Page 1 of 1
Regex pattern returning html tag attributes as array
Posted: Mon Oct 27, 2003 9:59 pm
by marcoBR
Is it possible to write a pattern to match a html tag with indeterminate number of attributes and return these attributes as array with attribute name as key and value as value???
e.g.: <user_data name="Ben" email="ben@ben" ... /> will return $user_data = array('name'=>'Ben', 'email'=>'ben@ben');
Code: Select all
$tag = '<user_data name="Ben" email="ben@ben" />';
preg_match('/<user_data\s+((.*)=(.*))*?\s*\/>/', $tag, $attribs);
echo '<pre>';
print_r($attribs);
echo '</pre>';
I have tried the code above, but it's not working as intended.
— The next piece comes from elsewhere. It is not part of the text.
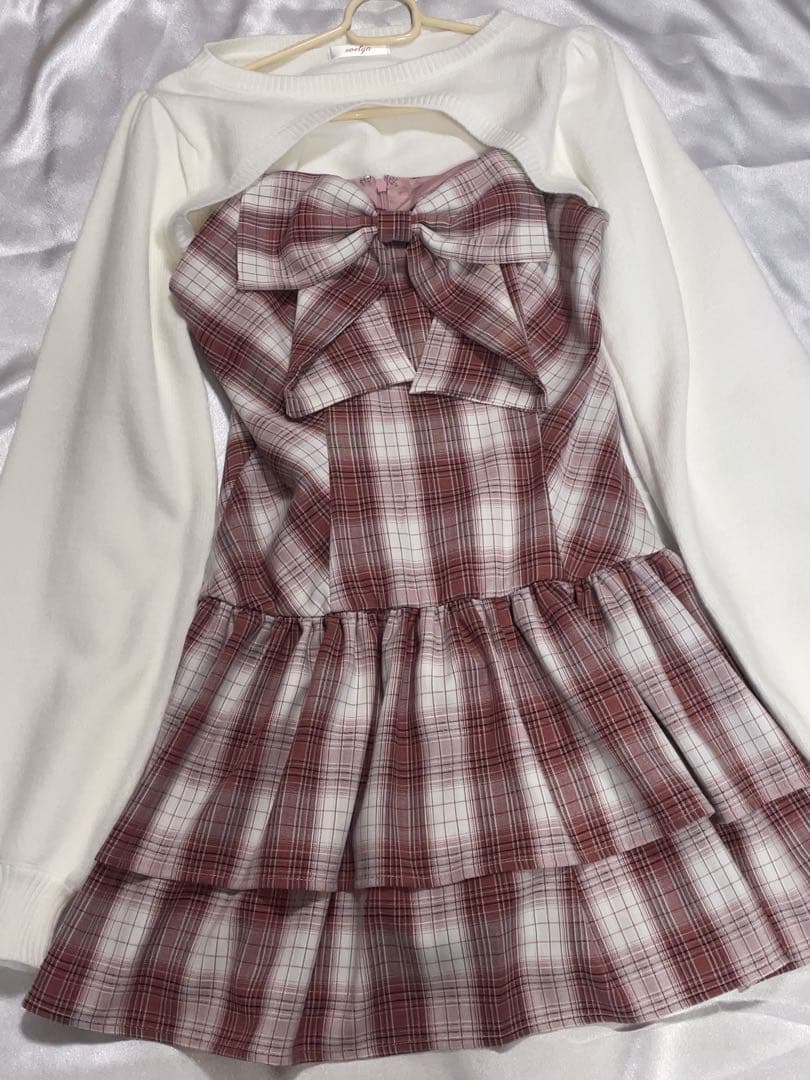 ♡evelyn♡ リボンボレロワンピース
If it'is impossible to achieve above array using only a single pattern, the array below also is accepted, thus I can use it to build an array as intended.
Code: Select all
Array
(
ї0] => 'name'
ї1] => 'Ben'
ї2] => 'email'
ї3] => 'ben@ben'
)
Another any approach are welcome too...
Posted: Mon Oct 27, 2003 11:10 pm
by m3rajk
i built a funtion for something rather similar using the
preg_split() function.
if you already have an attempt to do what you want with that, post it and i'll give you hints till you've succeded so you'll learn it. otherwise i suggest reading the link, then asking any questions necessary for clarification, because you can build a function to do it using preg_split.
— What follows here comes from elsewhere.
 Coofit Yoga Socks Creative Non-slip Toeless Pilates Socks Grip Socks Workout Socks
Posted: Tue Oct 28, 2003 11:58 am
by marcoBR
Thank you for your hint m3rajk, now I got it working...
Code: Select all
$attribs = 'name="Ben" email="ben@ben"';
$attribs_parts = preg_split('/[=|"|''+(.*?)"|''+]/is', $attribs, -1, PREG_SPLIT_NO_EMPTY);
echo '<pre>';
print_r($attribs_parts);
echo '</pre>';
/*Results
Array (
[0] => name
[1] => Ben
[2] => email
[3] => ben@ben
)
*/
Two new problems now:
1) If user omit quotes(" or ') to enclose the attribute value, it isn't work properly. e.g.: name=Ben email="ben@ben"
2) I user use any delimiter in the attribute value(=," or '), it isn't work properly as well. e.g.: name="Ben's Jr." email="ben@ben" compare="a=b"
Any trick to solve these problems???
Posted: Tue Oct 28, 2003 11:07 pm
by m3rajk
yes.
Code: Select all
function parts($html_tag){
$pass1=preg_split('/ /',$html_tag, -1, PREG_SPLIT_NO_EMPTY);
$pass2=array();
foreach ($pass1 as $pass){
$pass2[]=preg_split('/=/',$pass, -1, PREG_SPLIT_NO_EMPTY);
}
foreach($pass2 as $pass){
$pass[1]=preg_replace('/''|"/','',$pass[1]);
}
return $pass2;
}
Posted: Tue Oct 28, 2003 11:08 pm
by m3rajk
if you're unsure of what that does, first check the functions on php.net, then ask here. everyone that knows regexp will probalby help. instead of giving you the thing i had varied to suit your needs i modified what you did since that's obvuiosly going to be something you'll pick up faster
Posted: Wed Oct 29, 2003 9:12 am
by marcoBR
My attempt based on sweatje's code:
Code: Select all
$str = '<user_data name="Ben" email="ben@ben" another="test of '' in string" test=''different quote'' another_test=no quotes />';
preg_match_all('/( (\w+) = ([''"]*?) ([^\\3]*) \\3 )/Ux', $str, $match);
$arr = array();
for($i=0,$j=count($match[2]); $i<$j; $i++) {
$arr[$match[2][$i]] = $match[4][$i];
}
echo '<pre>';
print_r($arr);
echo '</pre>';
results:
Code: Select all
Array
(
їname] => Ben
їemail] => ben@ben
їanother] => test of ' in string
їtest] => different quote
їanother_test] =>
)
Now the problem are tags that haven't quotes enclosing attribute's value, the value is missing... see another_test tag as example. Any ideas to solve???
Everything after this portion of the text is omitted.